As I’ve mulled these over I’ve re-framed them for myself.

What preoccupies my thoughts when they’re not busy with life at hand?

–What unfulfilled wants hinder me from being fully satisfied with God and worshipping Him with a joyful heart? In other words: What excuses do I make for postponing joy? (Though the fig tree has not yet blossomed will I trust God? )

What prospect has the ability to fill me with sickening dread, esp. in the middle of the night? ( If the fig tree never blossoms will I still rejoice in my God)

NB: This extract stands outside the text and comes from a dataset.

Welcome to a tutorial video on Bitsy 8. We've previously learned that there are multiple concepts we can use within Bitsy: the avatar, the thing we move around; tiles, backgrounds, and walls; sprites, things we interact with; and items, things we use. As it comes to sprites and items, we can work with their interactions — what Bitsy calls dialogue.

These questions hit closer to home for me, helping to pinpoint those things that tug at my heart and keep it from whole-hearted worship of the only God worthy of my worship. When other things/people/goals capture my heart to the extent that I can’t live joyfully without them, I have entered dangerous territory. I now have cause to live in fear, anxiety, depression and discouragement…for what I need could be taken away or never granted! I’m not designed to live this way.

I’m reminded of the first question in the Westminster Confession:

What is the chief end of man?
The answer—”to glorify God, and to enjoy him forever” as evidenced in such texts as these:

Psalm 144:15: Happy are the people who are in such a state; Happy are the people whose God is the LORD!

Isaiah 12:2. Behold, God is my salvation; I will trust, and not be afraid: for the LORD JEHOVAH is my strength and my song; he also is become my salvation

No wonder the foremost command is to love the Lord with all my heart, soul, mind and strength. There will be no room left for rivals and no need of any!

And this brings Jesus’ words about hating family into perspective. “If any [man] come to me, and hate not his father, and mother, and wife, and children, and brethren, and sisters, yea, and his own life also, he cannot be my disciple.” Lk.14:26

My love for Him must be so much greater than my desires for my own flesh and blood, that I will never be swayed from devotion to God by my natural desires for my family’s well-being. It begins to make sense. Only in worshiping God with my whole-heart am I prepared to love my family rightly, rather than making their well-being my chief end.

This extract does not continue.